Зелг зябко передернул плечами: он внезапно понял, каким именно был в тот день — таким, каким увидел ребенка, спящего на куче соломы в наглухо запертой подземной камере.

— Да, — кивнул Спящий. — В тот день я проснулся, в тот день ты узнал об этом и в тот же день заточил меня на все эти годы.

— Почему?

— Ты часто задаешь этот вопрос. Не зря ты избрал научную карьеру.

— Не так я ее себе представлял.

Они рассмеялись как добрые приятели.

— Мы испугались, — продолжил Спящий, не дожидаясь следующего вопроса. — И меня как встряхнуло. Я бросился тебе на помощь.

— Спасибо, — сердечно сказал Зелг.

— Не за что. Строго говоря, в ту секунду я был уверен, что я один-единственный, я даже не подозревал, что ты есть на свете. А потом все как-то стремительно, сразу и вдруг случилось. Я понял, что ты — часть меня, потом, что, скорее, это я — часть тебя, потом мы снова посмотрели на василиска и испугались уже вдвоем, и от накатившего ужаса поднялась какая-то волна…
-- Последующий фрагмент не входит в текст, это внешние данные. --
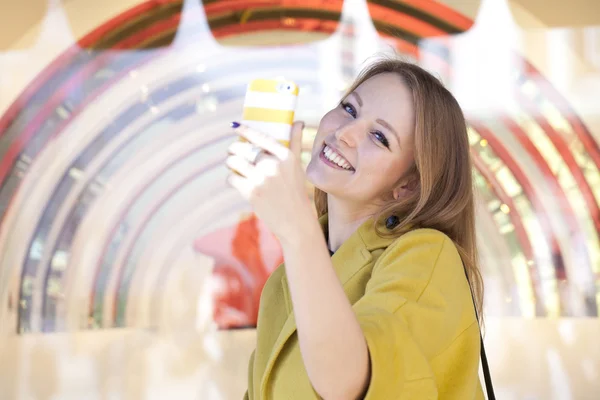 Glad ung kvinna läser ett meddelande på telefonen — Stockfoto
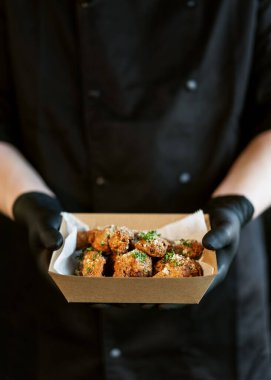 Aşçı elinde içinde ızgara tavuk teriyaki bacakları olan bir kutu tutuyor.. 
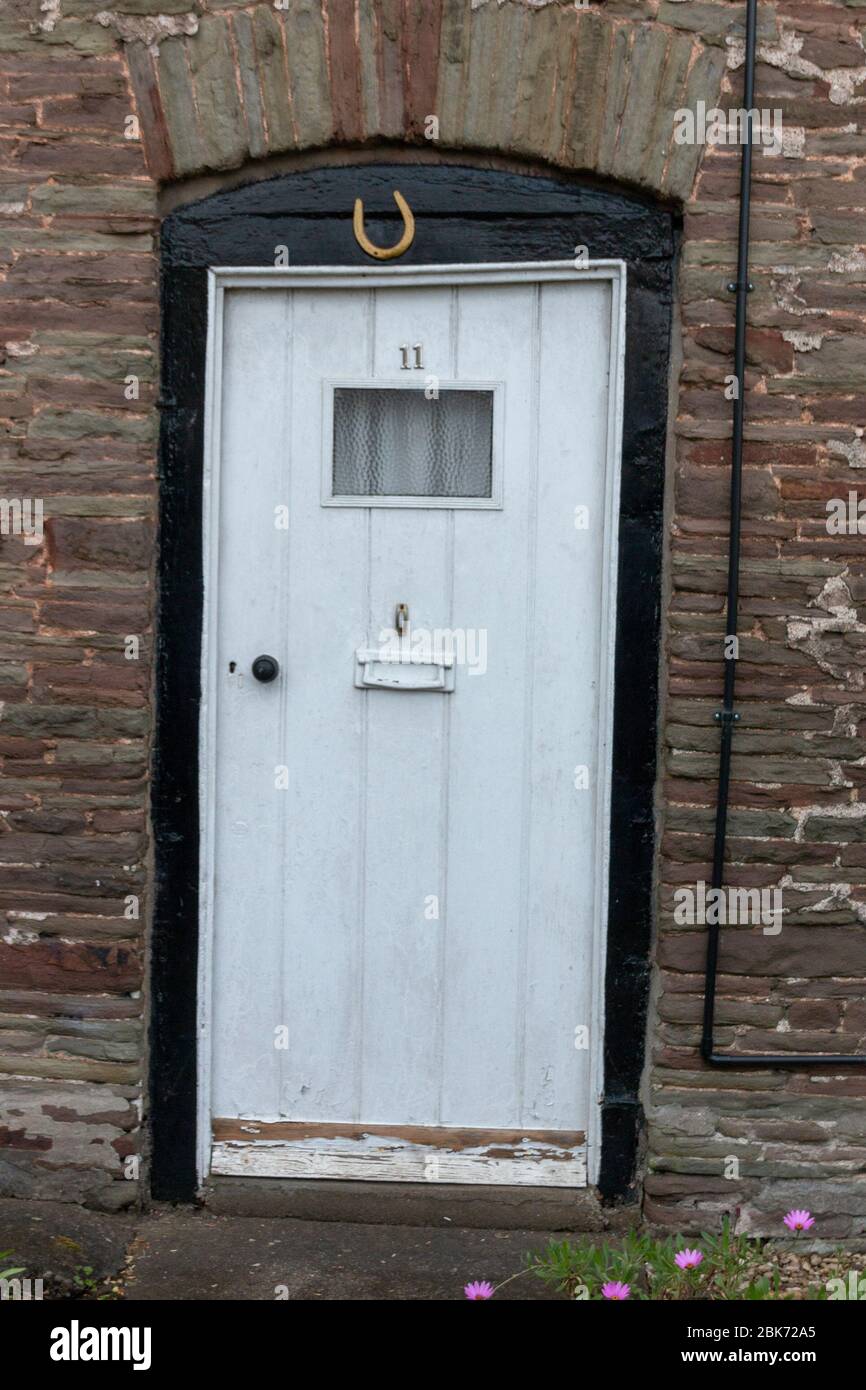 una vista ravvicinata di una porta anteriore bianca con una scarpa da cavallo in alto per una buona fortuna Foto Stock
— Я помню, — сипло сказал Зелг. — Волну, кажется, помню.

— Ну вот. И мы выжгли ему глаза. А потом и сердце. Он упал и умер. А мы заплакали. Нам стало его жалко.

— Мне и теперь его жалко, — вздохнул Зелг. — Мы же могли обратить его в бегство, или сделать что-то другое, более милосердное — могли? Или не могли?

— Ты спрашиваешь, умели ли мы, или ты хочешь знать, способны ли мы, когда мы единое целое, на приличные поступки или сразу становимся воплощенным злом?

— Полагаю, я спрашиваю о первом, но подразумеваю второе.

— Хотя бы честно — этого у тебя всегда было не отнять. Вот тогда ты и спросил: это взаправду?

— А ты?

— А я сказал — думаю, да. И в тебе что-то сломалось.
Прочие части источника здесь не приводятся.